Done in the recently submitted v2


> Best regards,
> Vladimir Ivanov
>>> Best regards,
>>> Vladimir Ivanov
>>> [1] https://bugs.openjdk.java.net/browse/JDK-8235143
>>> [2] 
>>> https://mail.openjdk.java.net/pipermail/hotspot-compiler-dev/2019-December/036295.html 
>>>> * various Buffer-related changes; these changes are needed because 
>>>> the memory access API allows a memory segment to be projected into 
>>>> a byte buffer, for interop reasons. As such, we need to insert a 
>>>> liveness check in the various get/put methods. Previously we had an 
>>>> implementation strategy where a BB was 'decorated' by a subclass 
>>>> called ScopedBuffer - but doing so required some changes to the BB 
>>>> API (e.g. making certain methods non-final, so that we could 
>>>> decorate them). Here I use an approach (which I have discussed with 
>>>> Alan) which doesn't require any public API  changes, but needs to 
>>>> add a 'segment' field in Buffer - and then have constructors which 
>>>> keep track of this extra parameter.
>>>> * FileChannel changes - these changes are required so that we can 
>>>> reuse the Unmapper class from the MemorySegment implementation, to 
>>>> deterministically deallocate a mapped memory segment. This should 
>>>> be a 'straight' refactoring, no change in behavior should occur 
>>>> here. Please double check.
>>>> * VarHandles - this class now provides a factory to create memory 
>>>> access VarHandle - this is a bit tricky, since VarHandle cannot 
>>>> really be implemented outside java.base (e.g. VarForm is not 
>>>> public). So we do the usual trick where we define a bunch of proxy 
>>>> interfaces (see jdk/internal/access/foreign) have the classes in 
>>>> java.base refer to these - and then have the implementation classes 
>>>> of the memory access API implement these interfaces.
>>>> * JavaNIOAccess, JavaLangInvokeAccess - because of the above, we 
>>>> need to provide access to otherwise hidden functionalities - e.g. 
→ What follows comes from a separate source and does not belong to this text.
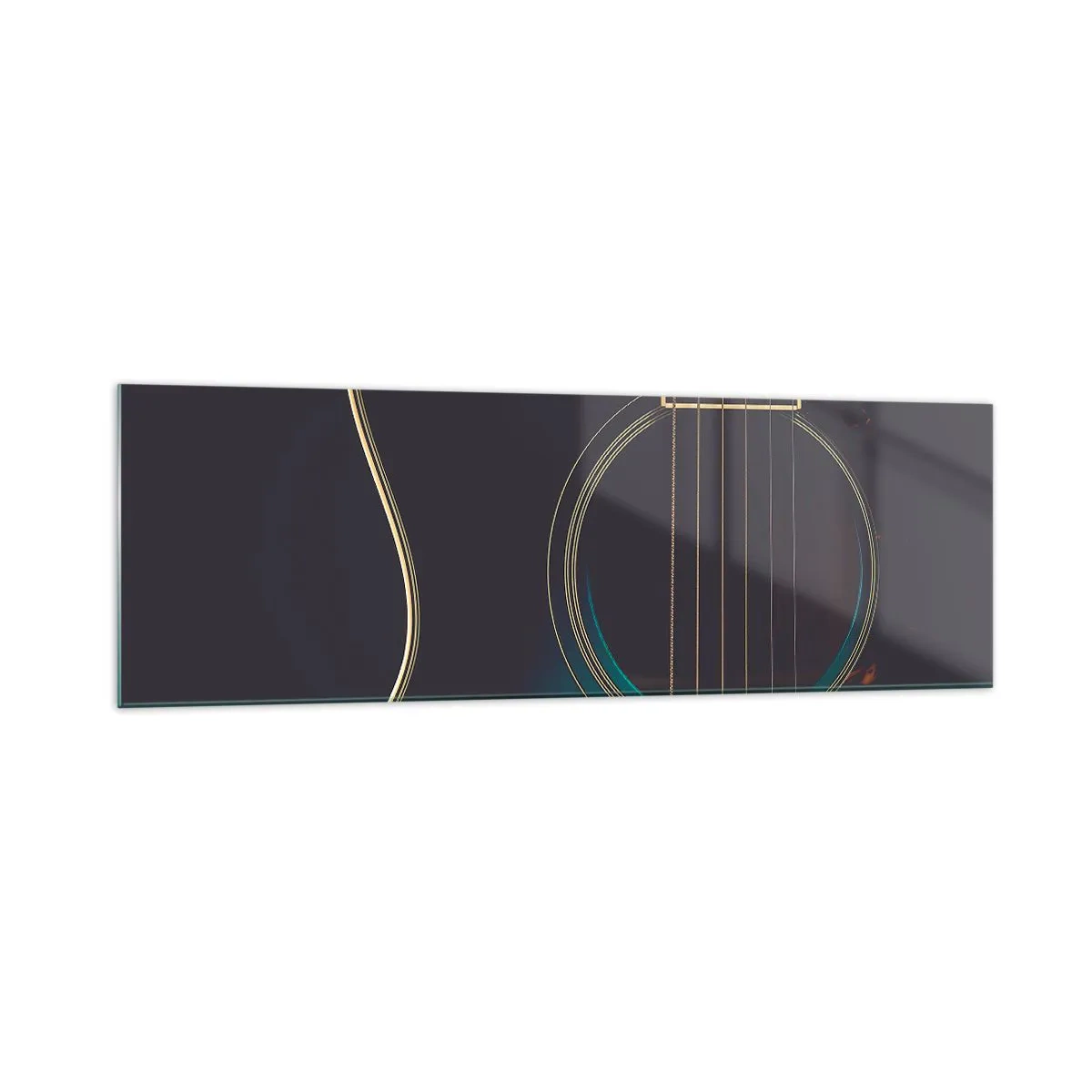 Cuadro sobre vidrio - Impresiones sobre Vidrio - Guitarra acústica en luz oscura y elegante. - 160x50cm - Un momento antes de que suene - Decoración de pared moderna para salón y dormitorio ARTTOR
>>>> creating a new scoped buffer, or retrieving the properties of a 
>>>> memory access handle (e.g. offset, stride etc.), so that we can 
>>>> implement the memory access API in its own separate module
>>>> * GensrcVarHandles.gmk - these changes are needed to enable the 
>>>> generation of the new memory address var handle implementations; 
>>>> there's an helper class per carrier (e.g. 
>>>> VarHandleMemoryAddressAsBytes, ...). At runtime, when a memory 
>>>> access var handle is needed, we dynamically spin a new VH 
>>>> implementation which makes use of the right carrier. We need to 
>>>> spin because the VH can have a variable number of access 
>>>> coordinates (e.g. depending on the dimensions of the array to be 
>>>> accessed). But, under the hood, all the generated implementation 
>>>> will be using the same helper class.
>>>> * tests - we've tried to add fairly robust tests, often checking 
>>>> all possible permutations of carriers/dimensions etc. Because of 
>>>> that, the tests might not be the easiest to look at, but they have 
>>>> proven to be pretty effective at shaking out issues.
>>>> I think that covers the main aspects of the implementation and 
>>>> where it differs from vanilla JDK.
>>>> P.S.
>>>> In the CSR review [2], Joe raised a fair point - which is 
>>>> MemoryAddress has both:
>>>> offset(long) --> move address of given offset
>>>> offset() --> return the offset of this address in its owning segment
>>>> And this was considered suboptimal, given both methods use the same 
>>>> name but do something quite different (one is an accessor, another 
>>>> is a 'wither'). one obvious option is to rename the first to 
>>>> 'withOffset'. But I think that would lead to verbose code (since 
>>>> that is a very common operation). Other options are to:
>>>> * rename offset(long) to move(long), advance(long), or something else
>>>> * drop offset() - but then add an overload of 
>>>> MemorySegment::asSlice which takes an address instead of a plain 
>>>> long offset
>>>> I'll leave the choice to the reviewers :-)
>>>> Finally, I'd like to thank Mark, Brian, John, Alan, Paul, Vlad, 
>>>> Stuart, Roger, Joe and the Panama team for the feedback provided so 
>>>> far, which helped to get the API in the shape it is today.
>>>> Cheers
>>>> Maurizio
>>>> (**) There is one failure, for "java/util/TimeZone/Bug6329116.java" 
>>>> - but that is unrelated to this patch, and it's a known failing test.